Brazile cites the thousands of black voters misidentified as felons who were purged from voting rolls. One of Brazile's own sisters who lives in Florida had to produce three forms of identification on Election Day.

"These are problems that we can solve, that we should solve," Brazile says.

Some efforts have been made towards election reform. Last week, the Florida state legislature passed a bill to replace outdated polling equipment, provide more funding for poll worker training and voter education, and create a statewide standard for manual recounts and ballot irregularities.

A joint task force between MIT and Cal Tech is also working to produce new technology for voting booths.

But while more than 1,500 election reform bills have been introduced in individual states since December, no major proposals have yet been made at the national level.

"There's no national movement afoot now to solve the problems," Brazile says, criticizing President Bush for not including funds for election reform in his recently released budget. "Congress and the Bush Administration should provide matching grants to states to update their systems, as well as grants to train and recruit Election Day workers."

Brazile also says more should be done to educate voters and encourage more political participation. She says that one of the most important parts of her time at the IOP was encouraging students to get more involved.

"Part of my job in politics is to bring other people in," Brazile says. "I tried to demystify the political process and encourage young people to take their place at the table."

Back in the Beltway

While Brazile's time at the IOP has given her months to reflect on the 2000 election, she says that the Bush Administration has given her even more motivation to return to the political scene.

Brazile gives the beginnings of the Bush Administration a grade of "D." While she commends President Bush's handling of the Chinese plane collision, she not too surprisingly criticizes his environmental policies and his domestic goals.

"I grade him on his priorities," Brazile says. "His priority is on a huge tax cut which will hurt the economy and not get us back on its feet. I grade him on campaigning as a centrist and governing from the right wing. I believe he said he would change the tone in Washington and he hasn't."

But even though she believes Americans agreed with Gore on the majority of issues, she says that people should not criticize Bush's abilities.

"There's this perception that the President is not a very smart and capable fellow, but he is," Brazile says, describing how the Bush campaign was able to lower expectations during the presidential debates. "He's very smart and very shrewd.
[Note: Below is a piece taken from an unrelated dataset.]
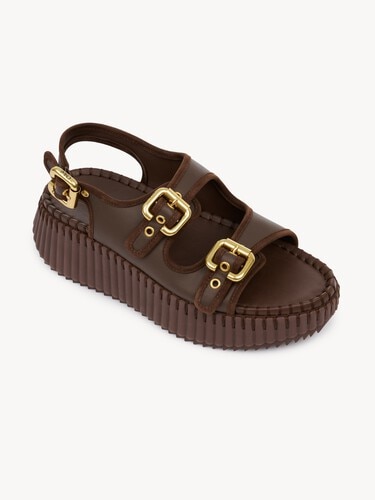 Nama wedge sandal - 5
He understands politics and he is a very educated man."

And while Brazile accepts that Bush is the president, she has now returned to Washington, ready to help prepare the Democratic Party for the 2002 midterm elections, drawing on lessons from her IOP study group.

"We spent a lot of time talking about the election and things we could have done better, which allowed me to think about things we can do better in the future," Brazile says.

And while she is unsure what her exact future holds, she will remain in the political world, both as a Washington insider and an active citizen.

"There's a part of me that wants to go back out there and give it one more try," Brazile says. "Not as a campaign manager, but as a voter and informed citizen who can work to educate and train other citizens."

"I gave up practically everything to work for Al Gore, and now I have to basically rebuild my life," Brazile adds. "Hopefully I'll be able to find something challenging and interesting, but there's nothing like a presidential campaign."